3D reconstruction is the process of estimating the shape and position of 3D objects from views of these objects. TEMICS deals more specifically with the modelling of large scenes from monocular video sequences. 3D reconstruction using projective geometry is by definition an inverse problem. Some key issues which do not have yet satisfactory solutions are the estimation of camera parameters, especially in the case of a moving camera. Specific problems to be addressed are e.g. the matching of features between images, and the modelling of hidden areas and depth discontinuities.
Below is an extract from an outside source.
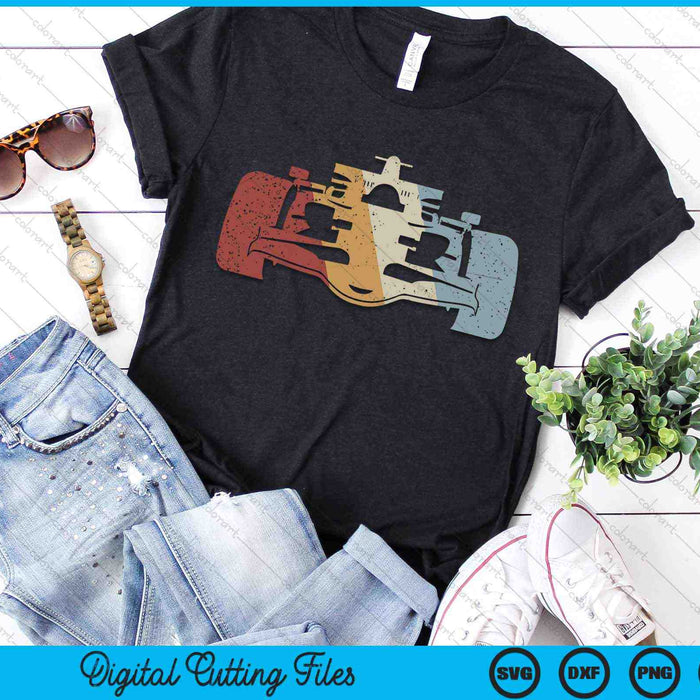 Racing Car Retro Style Vintage SVG PNG Digital Cutting Files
3D reconstruction uses theory and methods from the areas of computer vision and projective geometry. When the camera Ci is modelled as a perspective projection, the projection equations are:

pi= Pi x , (1)

where x is a 3d point with homogeneous coordinates x = (x y z 1)t in the scene reference frame R0, and where pi = (Xi Yi 1)t are the coordinates of its projection on the image plane Ii. The projection matrix Pi associated to the camera Ci is defined as Pi = K(ri|ti). It is a function of both the intrinsic parameters K of the camera, and of transformations (rotation ri and translation ti) called the extrinsic parameters and characterizing the position of the camera reference frame Ri with respect to the scene reference frame R0. Intrinsic and extrinsic parameters are obtained through calibration or self-calibration procedures. The calibration is the estimation of camera parameters using a calibration pattern (objects providing known 3D points), and images of this calibration pattern. The self-calibration is the estimation of camera parameters using only image data. These data must have previously been matched by identifying and grouping all the image 2D points resulting from projections of the same 3D point. Solving the 3D reconstruction problem is then equivalent to searching for x, given pi, i.e. to solve Eqn. (1) with respect to coordinates x. Like any inverse problem, 3D reconstruction is very sensitive to uncertainty. Its resolution requires a good accuracy for the image measurements, and the choice of adapted numerical optimization techniques.

## Application Domain

The field of video compression has known, during the last decade, a significant evolution leading to the emergence of a large number of international standards (MPEG-4, H.264).

Even though, for most multimedia applications, compression remains a key issue, this is not the only one that has to be taken into account. Emerging applications in the area of interactive audiovisual services show a growing interest for interactivity, content-based capabilities, (e.g. for 3-D scene navigation, for creating intermediate camera viewpoints) for integration of information of different nature, e.g. in augmented and virtual reality applications. These capabilities are not well supported by existing solutions. Interaction and navigation with the video content requires extracting appropriate models, such as regions, objects, 3-D models, mosaics, shots... These features are expected to be beneficial to multimedia applications requiring 3-D virtual scenes, such as video games or virtual visits of museums, virtual and augmented reality.

## New results

### 3D scene modelling from monocular video sequences

Contributed by: Raphaele Balter, Luce Morin.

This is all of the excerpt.